Mix of INFP and INTP.


----------



## NightSkyGirl

Definitely ENTP's. Their humor amuses me to no end.


----------



## OrangeAppled

I laugh with my ENFJ friends - their humor is engaging, so I'm not just being an audience. I can count on always smiling when I get an email from one ENFJ friend - it's not roll on the floor funny, but it's amusing in this charming, brighten your day sort of way, and it allows me to respond with my humor (which I don't use that much with many people).

As for just laughing at someone as an audience, then I find ESFPs to be pretty funny in real life. My ESFP sister is always cracking people up, including me. It's so spot on in the moment, and timing can be everything with comedy.

As for comedians, I like ones which use Ne (Conan O'brien, Eddie Izzard).


----------



## firedell

The EXTP's are great, for comic work.


----------



## Zic

INFPs, when they act weird.

ENTPs, /ESTPs, with their awesome sense of humour.


----------



## skycloud86

I don't think any one personality type is the funniest, and I think they all have their different types of funny.


----------



## Scruffy

ENFJs are goofy motherfuckers, they are awesome.

ESTP humor is awesome, it's quick and everyone will understand it. Very engaging.

INTPs always follow what I'm saying, then they add some more awesomeness.

ENTJ humor, for me, is hit or miss.


----------



## L'Empereur

Fellow INTJs


----------



## HannibalLecter

ESFP = cue Kelso.


----------



## thewindlistens

The only person that consistently makes me laugh is myself. So I just voted INTP...


----------



## Catwalk

ESFJ .. _Any type_ of sensor. ESXX mainly.

Other NT(s) are _non-_humorous and dry except for myself.


----------



## cuddlyone

The person I've known the longest besides family is an ENTP.

I kid you not...no matter how completely fucked and shitty circumstances are, he will say or do something that makes me laugh out loud. I could be completely down in the dumps about the state of the world and he'll spin it around and somehow I'm laughing and smiling again.

The world would be somber as fuck without you guys/gals. I guess that's why a lot of comedians and fun characters are ENTP's.


----------



## Navvy Jay

Gonna have to go with my own type. Though it's more of a surgical kinda humor. It's harder for me to make random people I don't know laugh but I can bring my friends to tears in like 10 seconds lol. That and my favorite comedian is INFJ as far as I know. Papa Bless


----------



## 7are5ster

I have a friend who is ESFP and he is by far the most energetic and funniest person I have ever met. But however, idk if he is an ESTP or ESFP.


----------



## Introvertia

ISTJ sarcasm <3


----------



## Cal

ESTP or ENTP


----------



## Jaune

I'd say Se or Ne humor is my favorite. I went with ESTP for the poll.


----------



## Asmodaeus

ENxP! :kitteh: :laughing:


----------



## The Pikabot

Some of the funniest jokes/memes I laughed at on this forum came from ISTJs.


----------



## soop

ESxP humor will get a pretty hearty and honest laugh out of me. I enjoy more subtle/nuanced humor too but I usually don't laugh audibly.


----------



## RaisinKG

easily my ISTJ pal


----------



## Sybow

ENTP imo.
These people come up with the craziest shit xD


----------



## Deseret

Enneagram 7s of different MBTI types, but for this poll I'll go with... ENTPs.

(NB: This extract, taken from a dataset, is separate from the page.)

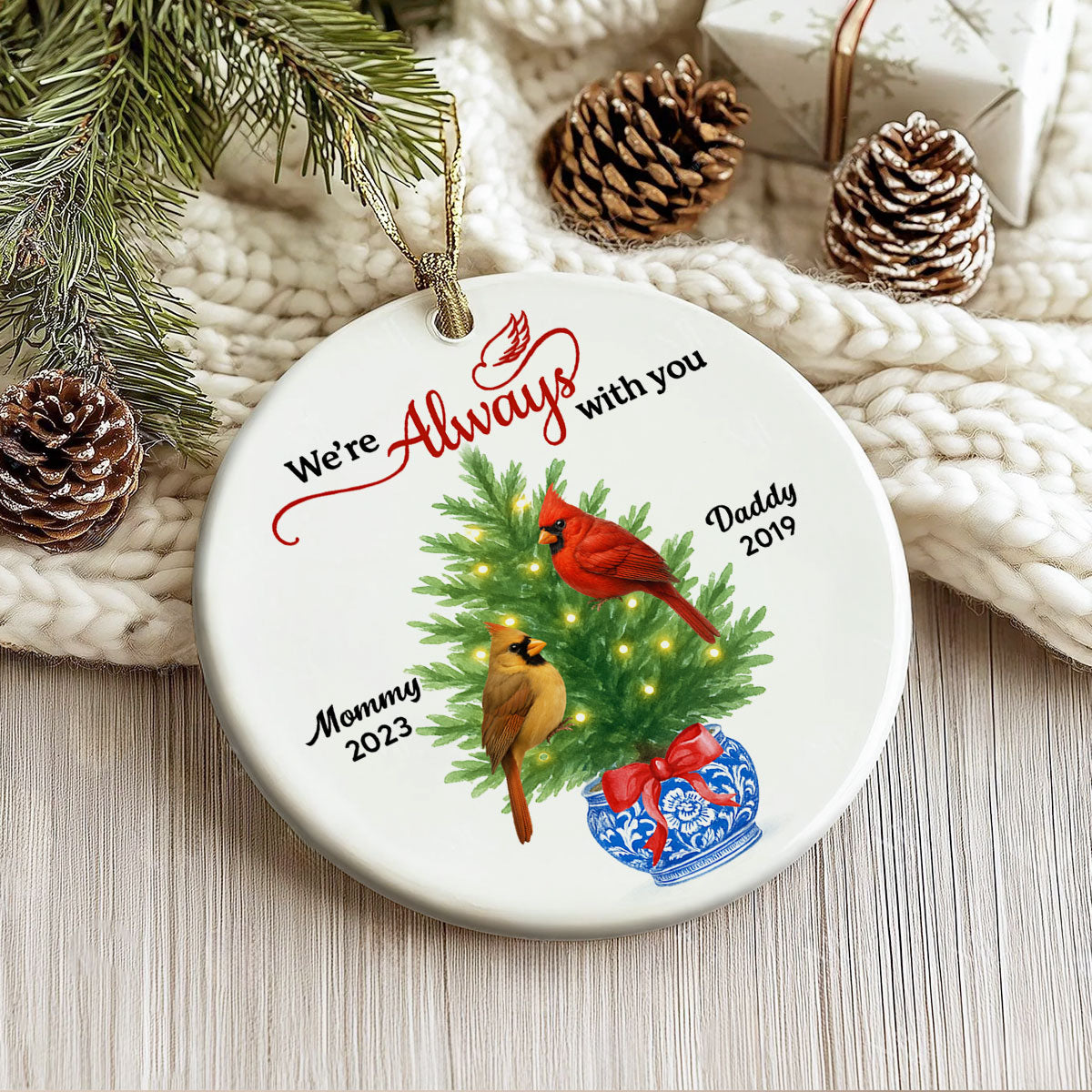 Cardinals Chinoiserie Christmas Always With You - Personalized Ceramic Ornament - Meaningful Sympathy Gift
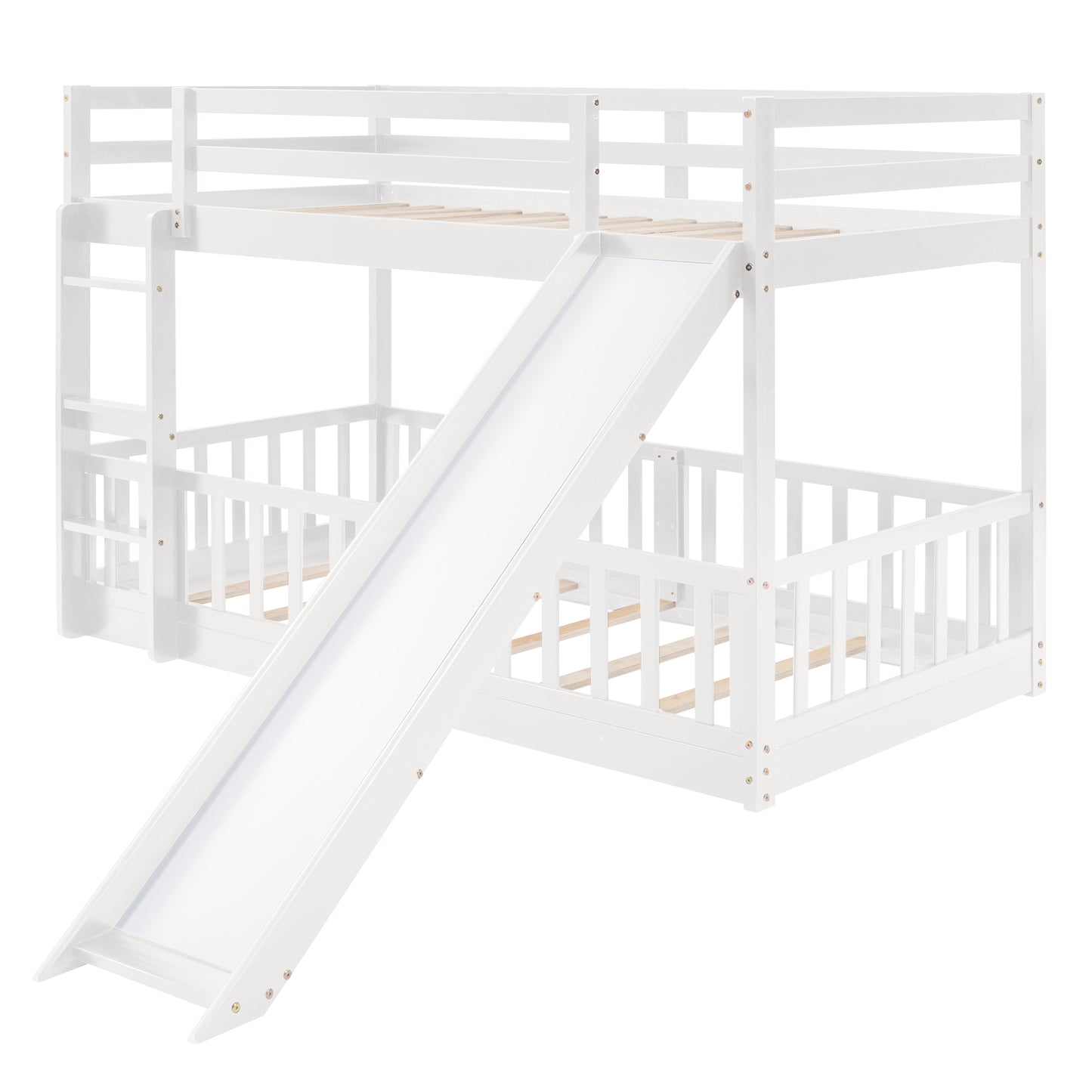 White Twin Bunk Bed with Slide, Ladder, and Space-Saving Design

@Satan_Claus Very true. I think the humorous, extroverted types filter themselves less, so all the madness in their mind comes rolling out full speed ahead.


----------



## Mrs.ESFP_224

why so little ESFP love...are ENTPs that much funnier really?


----------



## ilovewordsthatstartswithp

I like entp. I met one entp last weekends he's so cute but he's already married so i tried to CALM myself down and ignore my feelings


----------



## 800sexy

I think Entps are the funniest followed by enfps and then estps.
I enjoy the humor intuitive types tend to have.
They arent shallow


----------



## Moo Rice

xNTPs


----------



## Preciselyd

ISTP and ISTJ make me laugh the most.


----------



## Miss Nightingale

ISFPs can be quite clever.


----------